(ENTRIES SUPPLIED)

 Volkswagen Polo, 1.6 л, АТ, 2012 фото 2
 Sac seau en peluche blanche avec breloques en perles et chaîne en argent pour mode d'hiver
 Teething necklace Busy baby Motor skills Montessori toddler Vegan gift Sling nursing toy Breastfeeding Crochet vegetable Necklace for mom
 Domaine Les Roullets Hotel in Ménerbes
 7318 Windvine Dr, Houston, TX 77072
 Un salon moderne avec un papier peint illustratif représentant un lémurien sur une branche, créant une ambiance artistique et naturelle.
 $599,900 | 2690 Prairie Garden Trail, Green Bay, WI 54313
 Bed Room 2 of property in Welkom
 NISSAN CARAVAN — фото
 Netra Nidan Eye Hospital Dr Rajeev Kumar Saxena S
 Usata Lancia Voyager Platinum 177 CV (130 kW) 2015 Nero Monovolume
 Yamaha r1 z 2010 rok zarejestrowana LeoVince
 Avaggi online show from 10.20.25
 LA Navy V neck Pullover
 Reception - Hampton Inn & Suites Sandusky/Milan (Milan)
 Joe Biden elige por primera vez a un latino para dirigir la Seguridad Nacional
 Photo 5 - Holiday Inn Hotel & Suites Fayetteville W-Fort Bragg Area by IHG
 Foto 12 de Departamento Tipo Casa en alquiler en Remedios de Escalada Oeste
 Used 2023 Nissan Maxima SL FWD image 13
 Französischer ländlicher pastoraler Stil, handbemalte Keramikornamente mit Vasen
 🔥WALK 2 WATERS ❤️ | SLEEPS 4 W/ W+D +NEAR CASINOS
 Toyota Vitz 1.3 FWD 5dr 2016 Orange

(End ENTRIES SUPPLIED)

Each entry above is to be transcribed without alteration.

 Volkswagen Polo, 1.6 л, АТ, 2012 фото 2
 Sac seau en peluche blanche avec breloques en perles et chaîne en argent pour mode d'hiver
 Teething necklace Busy baby Motor skills Montessori toddler Vegan gift Sling nursing toy Breastfeeding Crochet vegetable Necklace for mom
 Domaine Les Roullets Hotel in Ménerbes
 7318 Windvine Dr, Houston, TX 77072
 Un salon moderne avec un papier peint illustratif représentant un lémurien sur une branche, créant une ambiance artistique et naturelle.
 $599,900 | 2690 Prairie Garden Trail, Green Bay, WI 54313
 Bed Room 2 of property in Welkom
 NISSAN CARAVAN — фото
 Netra Nidan Eye Hospital Dr Rajeev Kumar Saxena S
 Usata Lancia Voyager Platinum 177 CV (130 kW) 2015 Nero Monovolume
 Yamaha r1 z 2010 rok zarejestrowana LeoVince
 Avaggi online show from 10.20.25
 LA Navy V neck Pullover
 Reception - Hampton Inn & Suites Sandusky/Milan (Milan)
 Joe Biden elige por primera vez a un latino para dirigir la Seguridad Nacional
 Photo 5 - Holiday Inn Hotel & Suites Fayetteville W-Fort Bragg Area by IHG
 Foto 12 de Departamento Tipo Casa en alquiler en Remedios de Escalada Oeste
 Used 2023 Nissan Maxima SL FWD image 13
 Französischer ländlicher pastoraler Stil, handbemalte Keramikornamente mit Vasen
 🔥WALK 2 WATERS ❤️ | SLEEPS 4 W/ W+D +NEAR CASINOS
 Toyota Vitz 1.3 FWD 5dr 2016 Orange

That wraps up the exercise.